Abstract

Abstract In patients with arterial hypertension, the detection of left ventricular hypertrophy has important clinical and prognostic significance. The use of published regulatory “control limits” remains limited and cannot be extended to other racial and ethnic groups. The aim of this study was to compare echocardiography indicators in patients with arterial hypertension from two ethnic groups living in the Gornaya Shoria region. Methods The study included patients with arterial hypertension: 58 indigenous and 50 non-indigenous urbanized residents, comparable in age, and divided by ethnicity and gender into 4 groups: men of indigenous nationality (n=20), women of indigenous nationality (n=38), men of non-indigenous nationality (n=15) and women of non-indigenous nationality (n=35). All of them underwent echocardiographic examination. Results The body weight and BSA were lower in men and women of Shor ethnicity than in men and women of non-indigenous ethnicity (p=0.0014 and p=0.004). LAi was significantly larger in men of Shor nationality (p=0.049), at the same time, the size of their RA was the smallest (p=0.04).
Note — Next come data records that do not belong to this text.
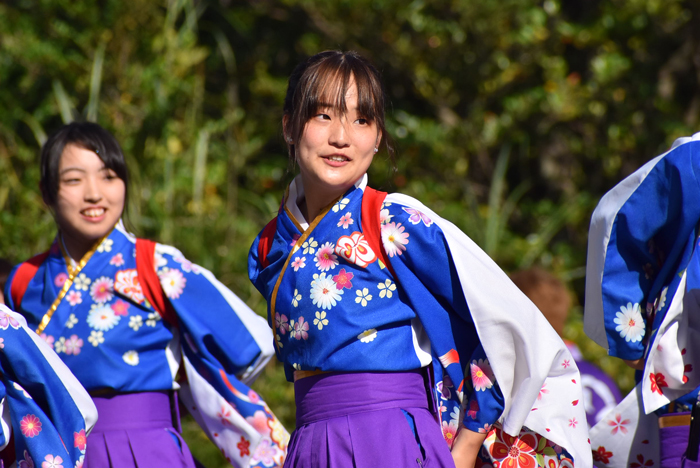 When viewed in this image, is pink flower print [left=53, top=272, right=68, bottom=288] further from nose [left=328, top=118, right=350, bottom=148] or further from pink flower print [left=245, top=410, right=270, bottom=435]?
nose [left=328, top=118, right=350, bottom=148]

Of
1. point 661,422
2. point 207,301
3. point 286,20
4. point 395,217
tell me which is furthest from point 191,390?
point 286,20

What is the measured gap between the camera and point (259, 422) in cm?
275

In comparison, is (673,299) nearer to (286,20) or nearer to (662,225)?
(662,225)

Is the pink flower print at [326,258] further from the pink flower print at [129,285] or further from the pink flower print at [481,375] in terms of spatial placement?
the pink flower print at [129,285]

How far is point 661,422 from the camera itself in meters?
2.33

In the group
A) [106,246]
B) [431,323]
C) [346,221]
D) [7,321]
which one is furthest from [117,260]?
[431,323]

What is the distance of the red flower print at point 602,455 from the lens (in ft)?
8.04

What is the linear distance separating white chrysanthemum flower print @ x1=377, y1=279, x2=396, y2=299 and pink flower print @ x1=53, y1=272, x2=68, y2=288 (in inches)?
46.3

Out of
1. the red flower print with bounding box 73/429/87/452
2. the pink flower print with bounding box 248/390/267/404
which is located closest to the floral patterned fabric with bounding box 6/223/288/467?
the pink flower print with bounding box 248/390/267/404

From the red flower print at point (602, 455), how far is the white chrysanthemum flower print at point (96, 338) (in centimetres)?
150

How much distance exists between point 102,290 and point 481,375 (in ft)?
4.19

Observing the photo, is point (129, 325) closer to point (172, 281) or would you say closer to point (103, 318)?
point (103, 318)

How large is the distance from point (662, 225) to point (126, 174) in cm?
168

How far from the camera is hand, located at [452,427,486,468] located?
195cm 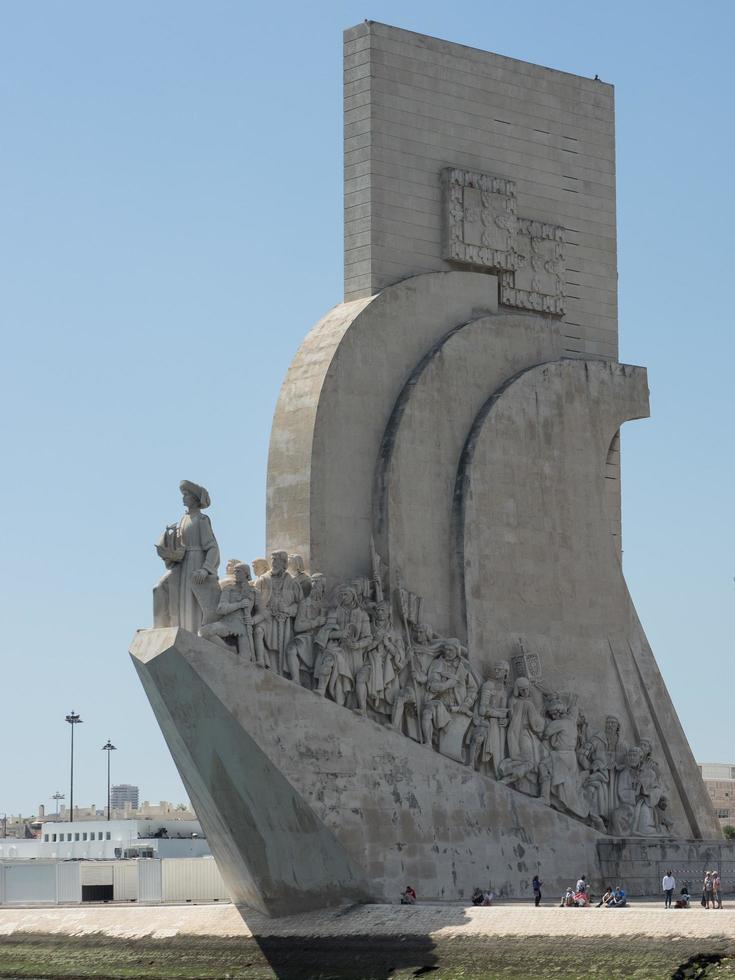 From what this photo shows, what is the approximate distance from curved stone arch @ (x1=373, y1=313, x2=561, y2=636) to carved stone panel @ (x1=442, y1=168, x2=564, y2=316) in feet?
2.44

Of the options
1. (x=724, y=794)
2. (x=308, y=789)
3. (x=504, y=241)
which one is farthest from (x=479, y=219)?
(x=724, y=794)

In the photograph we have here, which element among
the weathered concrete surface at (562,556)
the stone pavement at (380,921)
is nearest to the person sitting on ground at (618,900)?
the stone pavement at (380,921)

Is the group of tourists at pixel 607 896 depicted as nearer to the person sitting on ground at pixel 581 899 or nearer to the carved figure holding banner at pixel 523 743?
the person sitting on ground at pixel 581 899

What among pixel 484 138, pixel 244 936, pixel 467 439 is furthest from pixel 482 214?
pixel 244 936

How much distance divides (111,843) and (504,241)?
43.3 feet

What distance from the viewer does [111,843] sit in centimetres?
3459

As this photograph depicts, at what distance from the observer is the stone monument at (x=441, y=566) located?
74.7 feet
The data of the longitudinal LV systolic function in the form of a systolic excursion of the septum (s'sept) were the highest in Shor men (p=0.004), and the LV performance index was the lowest in them (p=0.012). Also in this group, the minimum isovolumic relaxation time (p=0.03) and the highest rate of early diastolic filling of the LV (p=0.04) were noted. When assessing correlations independent factors associated with pronounced LVH were glucose, DBP, and urea in Shor patients. Non-indigenous nationality independent factors associated with pronounced LVH were waist circumference and DBP. Conclusion Echocardiographic examination of patients with hypertension revealed the features of structural and functional indicators in the representatives of the indigenous urbanized population of the Mountain Shoria in comparison with the representatives of the non-indigenous population. This study can be useful in assessing the impact of the development of arterial hypertension, as well as the impact of changing the lifestyle of the Shors when moving to the city from rural areas on ethnic differences in echocardiography. Funding Acknowledgement Type of funding sources: None.